How would you feel if the local government was trying to acquire property that had been in your family since 1939 — whether you wanted them to or not?
That is the situation facing the Solberg family in Readington Township, in central New Jersey. They own 726 acres, which includes Solberg-Hunterdon Airport (KN51). The family will spend a good part of the summer in court fighting the township’s attempts to acquire their property through eminent domain. Eminent domain is the government’s power to take private property for public use.
The outcome of the court case will determine whether the township has the right to take the lion’s share of the family’s land holdings and keep it as open space.
About 100 acres of the family’s land is used as a general aviation airport. The airport was founded in 1939 by aviation pioneer Thor Solberg. In 1941 the Readington Township Committee gave Thor Solberg permission to operate a commercial airport on his land. During World War II the airport was used as a training facility, with Thor Solberg teaching some 5,000 young men to fly.
Today the airport has a 3,735-foot asphalt runway and a 3,442-foot turf runway. It is served by both an RNAV and VOR approach. Every year, the airport hosts many community events, such as a balloon festival, Easter Bunny Fly-in, and a very popular World War II fly-in on Armed Forces Day.
The Solberg family property is one of the last pieces of open space in the Readington Township. Some people are worried about the airport turning into a jet facility. Others are worried that the Solberg family will sell the land to developers to be turned into subdivisions and box stores.
The Solberg family say neither concern is valid.
In 2006 a $22 million bond ordinance was passed requiring the township to either acquire the 625 open acres surrounding Solberg Airport and the development rights to about 100 acres used for airport operations, or to negotiate a settlement with the airport owners. Earlier this year the two parties attempted to settle their differences in mediation, but when no settlement was reached the issue went to Superior Court in Somerville.
The Solberg family, speaking through their attorney Laurence Orloff, say the airport and the surrounding property is not for sale — or acquisition by any other means, including eminent domain.

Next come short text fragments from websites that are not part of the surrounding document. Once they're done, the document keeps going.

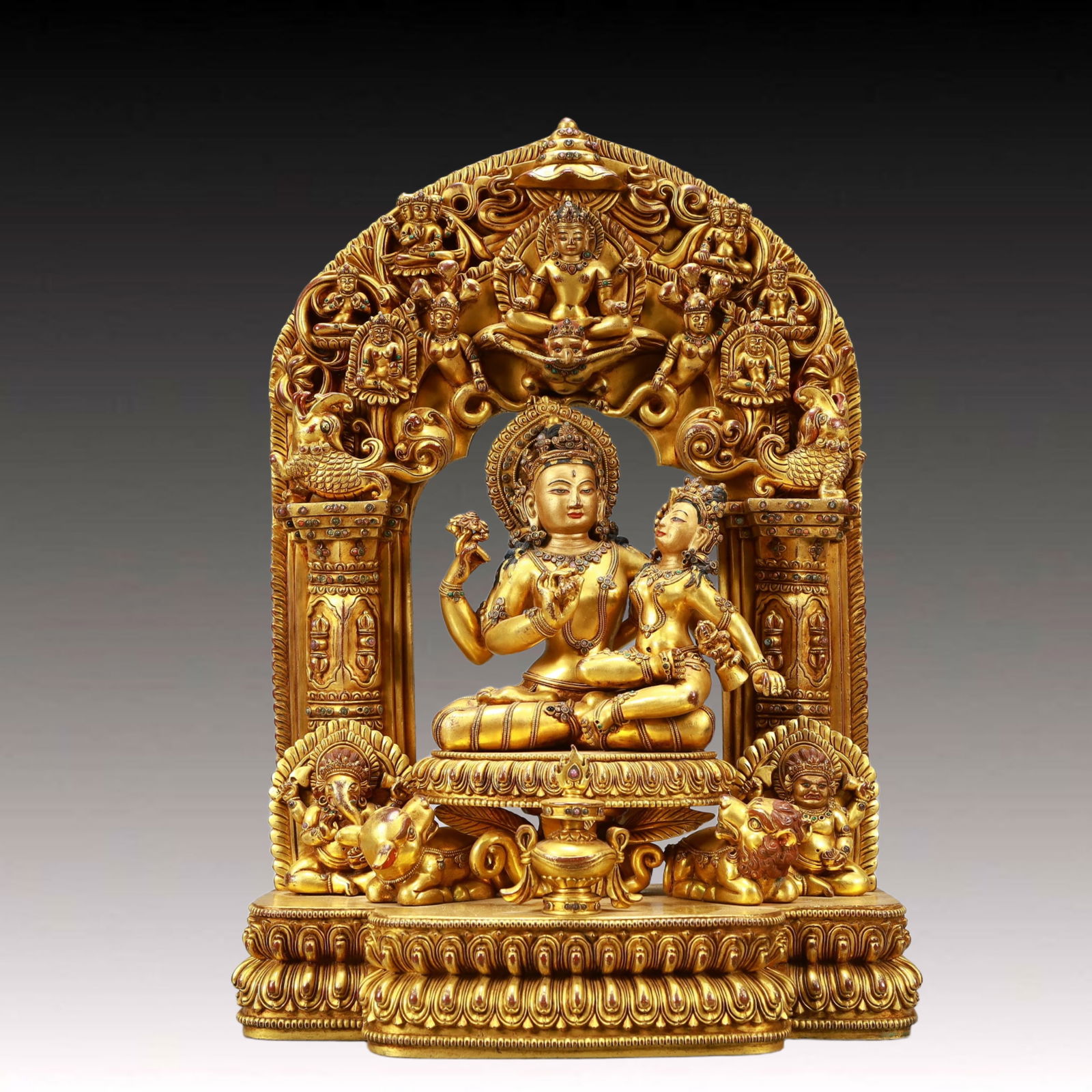 A Solemn Gilt Bronze Statue of Bodhisattva,Inlaid Gems,With Inscription: A Solemn Gilt Bronze Statue of Bodhisattva,Inlaid Gems,With Inscription,Ming Dynasty, China,Xuande Six-character Mark,Size:11.8inx6.9inx16.5in,Weight:15050g 铜鎏金菩萨
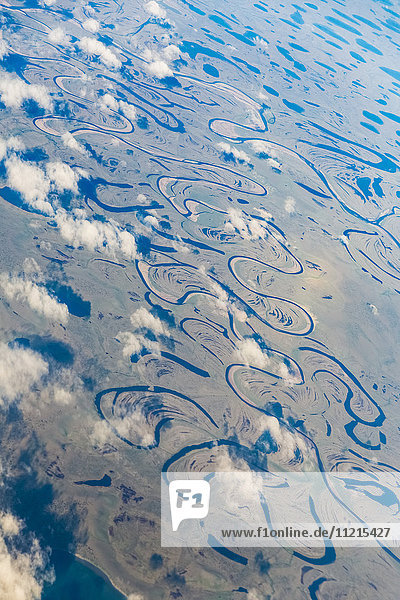 Luftaufnahme von Oxbow Flüssen und Bächen und Wolken  die sich durch die Tundra-Landschaft ziehen; North Slope  Alaska  Vereinigte Staaten von Amerika'.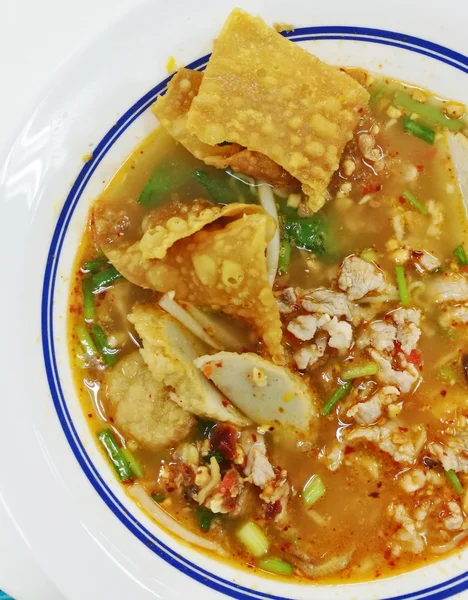 Nouilles vue du dessus dans la soupe épicée thaïlandaise Tom Yum avec du porc, Street Food Style — Photo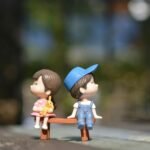 Cómo usar muñecos o figuras para enseñar empatía y emociones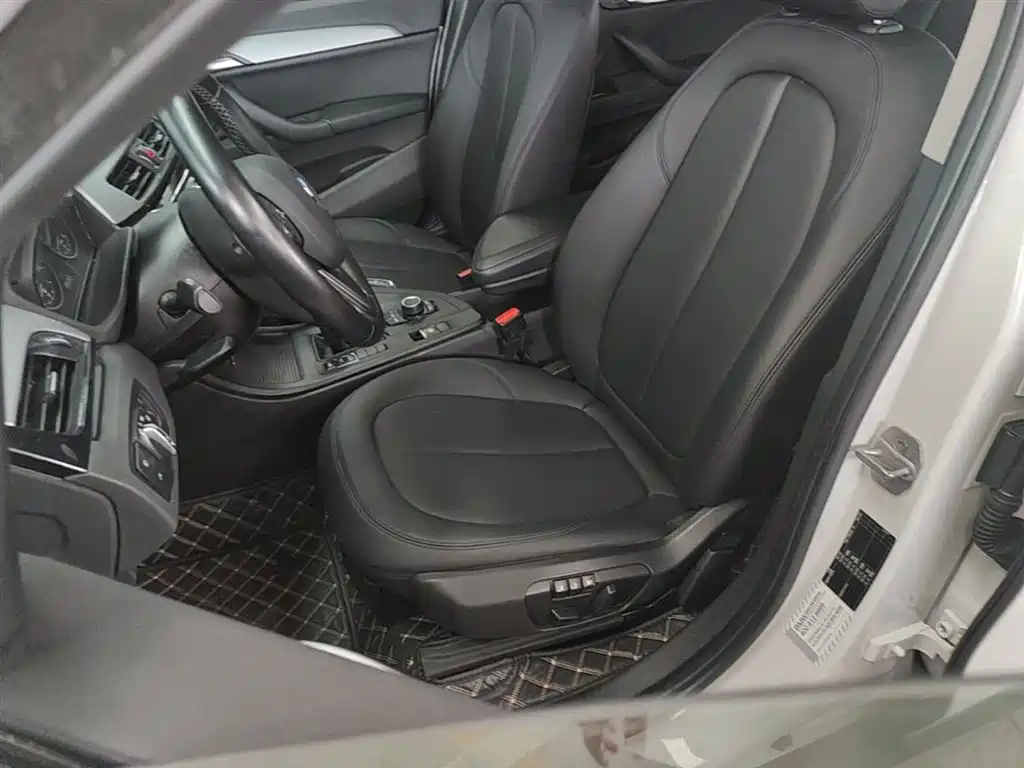 BMW X1 2016 sDrive18Li Fashion Model фото 15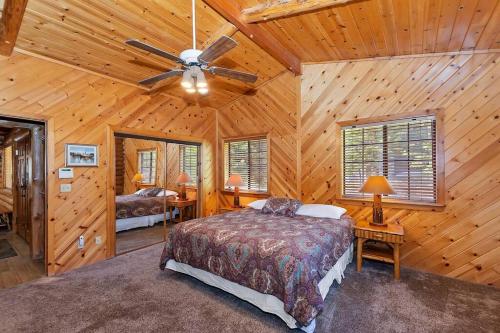 Bear Mountain Log Lodge in Big Bear Lake, USA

According to Orloff, the township is going to court in an attempt to take control of the airport.
James Rhatican, the attorney for Readington Township, declined to comment for this story, citing the trial in progress.
The long legal battle has taken a toll both emotionally and financially on the Solberg family. The airport’s website contains details of how the family has been denied in their attempts to improve the airport and how the township’s actions have made it more difficult to stay in business by hampering the family’s ability to maintain the airport to a competitive standard.

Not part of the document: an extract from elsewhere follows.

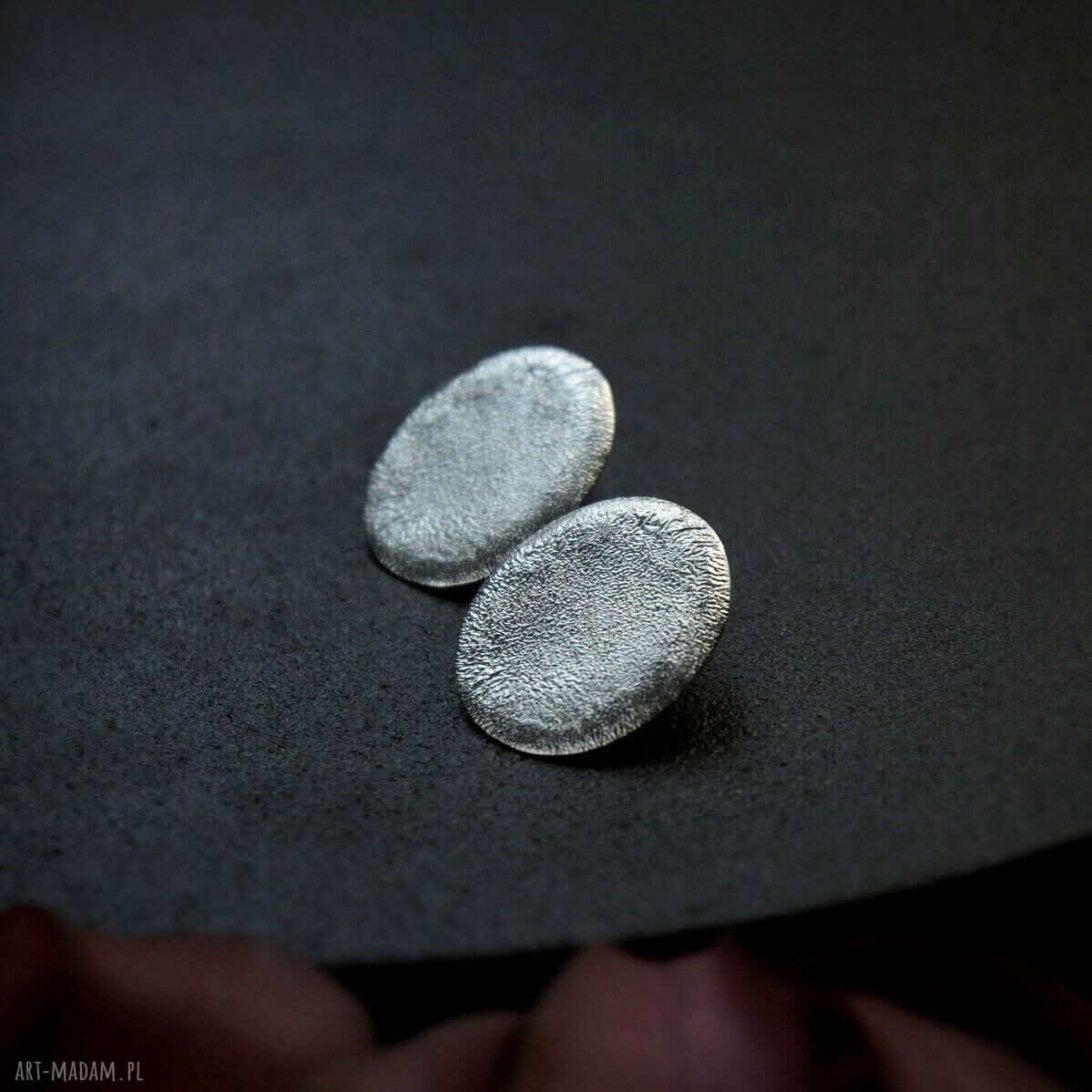 kolczyki: Duże kolczyki na sztyftach owalne z kolekcji Raw Hand Made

“The Solbergs want Readington Township to back off and let them keep their property,” said Orloff. “They want to be able to expand and modernize the airport in a modest way. They want the township to stop with the pretext of taking this property to keep it as open space.”
The Solberg’s plans for the airport were made public in 1996 in an Airport Master Plan. Airport Master Plans are long-term plans, often stretching 20 to 30 years out, which include items such as runway lengthening and strengthening, hangar construction, and surface road improvements.
The Solberg Master Plan calls for the lengthening of the paved runway to 5,000 feet, and extending the turf runway to 3,700 feet. There are also plans to add 500,000 feet of hangar and office space. The master plan received conditional approval from the New Jersey Department of Transportation and the FAA, but was blocked by the Readington Township Committee.
Orloff noted that the case will be heard throughout the summer, and will likely go back for appeal no matter who wins. In the meantime, the Solbergs watch another summer go by, unable to make any improvements at the airport.
“It would be foolish for the Solbergs to do any improvements now, since they do not know which way the case will go,” Orloff noted.
He added that the family has made numerous overtures to the Readington Township Committee to avoid having their land taken by eminent domain, including agreeing to deed restrict the uses of their land to allay any unfounded fears of large jet traffic or commercial development.